I'm a fly guy- but what Anthol said hits the nail on the head even for fly guys.

For me- the best one thing that I did to improve my fishing was to SLOW DOWN.... What I mean is- don't worry about covering water... You want to cover one or two holes VERY thoroughly.... especially if you seen guys hooking some.

Think of it as fishing for catfish in a river. You know the cats are in the holes and you know if you get the right bait down to them- after awhile of changing bait or amount of weight they will bite.

Each hole has its own personality... one may require one split shot, the next 5. The next day may require 6 and a different color. 

I haven't noticed too much difference in fish being tight lipped using 8lb or 4lb tippet- even in the clearest water.... for me, the first thing is speed or depth of drift, and next would be color or type of fly.

Good luck Chrominator! You'll get them! Damn I love this time of the year!


----------



## flylogicsteelhead (Oct 4, 2006)

Fishaholic69 said:


> I fly fish but I make my own 9 ft leaders and I use as many as 4 or so blood knots for the recipe and 3 improved clinches. thats 7 knots. I make is 25lb-20lb-15-lb and 10-lb mono blood knotted together


Why not just use a 2x tapered leader and save yourself the trouble.


----------



## ShutUpNFish (Apr 17, 2007)

Chrominator said:


> lol.....because I already bought all this crap  ...and here's why I spent the money on it. Again, I don't have any personal experience with these materials, only info from stuff I read here and there.
> 
> -SiglonF/mono/main/12lb/.011dia./$12/330yd. - Floats on top of water, easier to see and easier to mend for a good drift.

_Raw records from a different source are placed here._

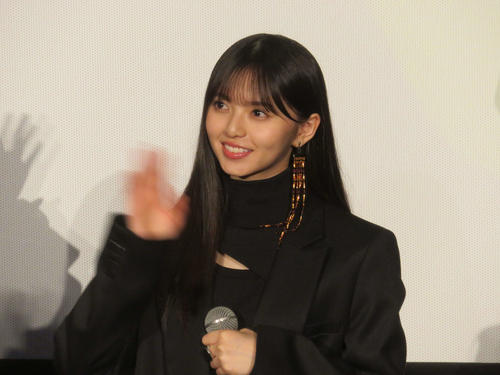 映画「映像研には手を出すな！」舞台あいさつする齋藤飛鳥（2020年9月撮影）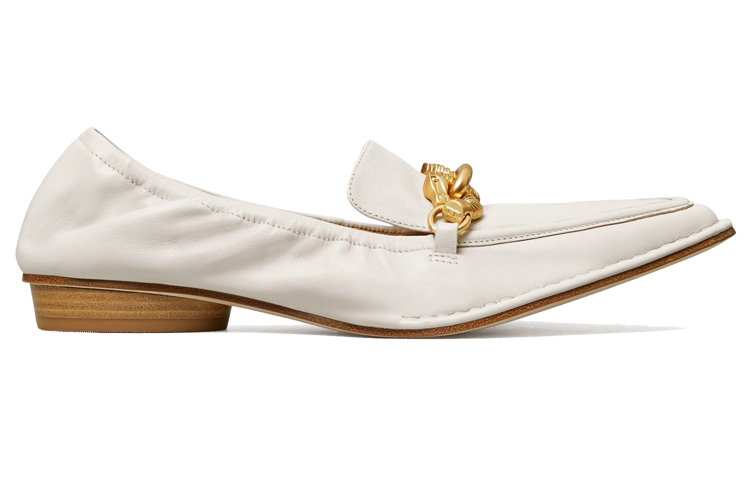 Order (W) TORY BURCH Jessa Pointy-Toe Loafer ''Wit'' 80066-164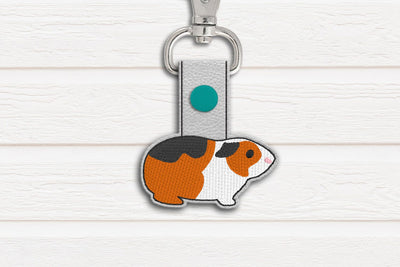 Guinea Pig ITH Key Fob Applique Embroidery Embroidery/Applique DESIGNS Risa Rocks It 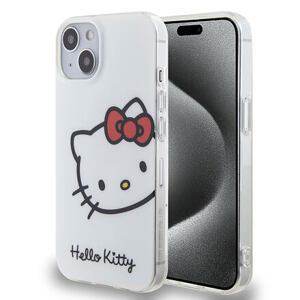 Hello Kitty IML Head Logo Zadní Kryt pro iPhone 13 White HKHCP13MHCKHST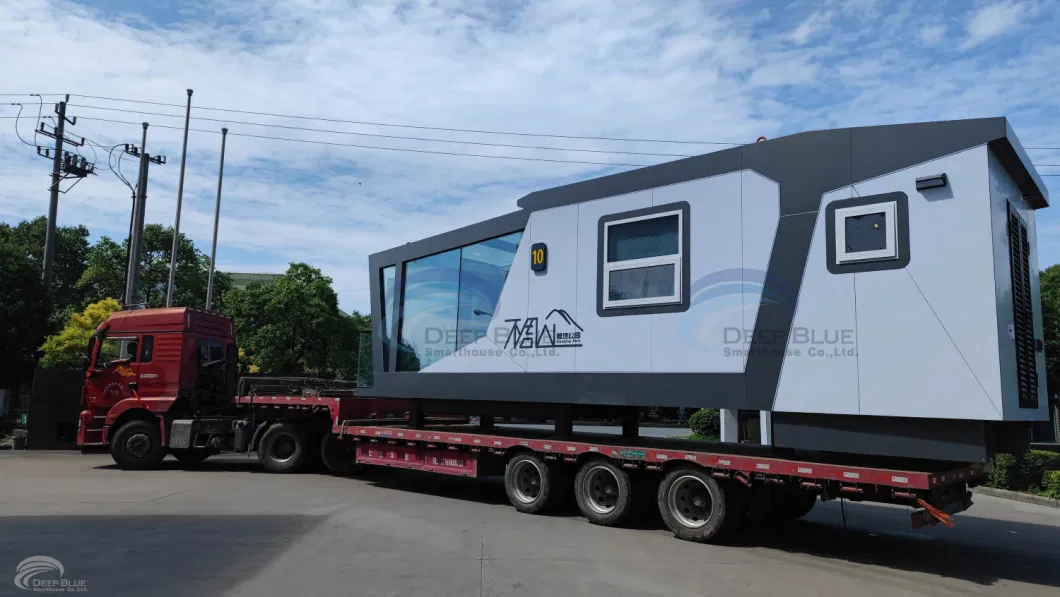 Prefabricated Tiny House on Wheels Glacier Tiny House Hotel Unit Version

However, lime green fluorescent color will spook the fish.
> 
> ...


Well, IMO, all that is overkill especially if your main reasoning is because you just want to get your moneys worth. As most have stated above, your best bet is to keep things simple. The Siglon is good stuff, I'd eliminate the InvizX and just tie your leader material on direct. Plus, keep in mind that another knotted section only adds for another weak point in your overall set up. Your entire rig is only as strong as it's weakest point. Save the InvisX for another application....perhaps you have a spare spool for that new reel you got and you can spool it up with the InvisX to have another option or something else to try/compare.


----------



## BigDaddy300 (Nov 1, 2004)

Chrominator, I think you said that the Siglon was on the spool for a year. You might want to consider putting on fresh line because that stuff will weaken over time. On a side note I tried Siglon last season for the first time and liked it. I did hear a rumor that it was no longer being made though.


----------



## ShutUpNFish (Apr 17, 2007)

Chrominator said:


> My reasoning was the high visibility of the SiglonF and spooking the steelhead. Didn't think two foot section or so of leader would get the lure far enough away from the main without spooking the fish and didn't really want to waste 5-6ft or more leader every time I'd break off. It was more about being stealthy and not wasting as much leader material rather than getting my moneys worth.
> 
> Thanks for your opinion, I appreciate it and totally understand your point.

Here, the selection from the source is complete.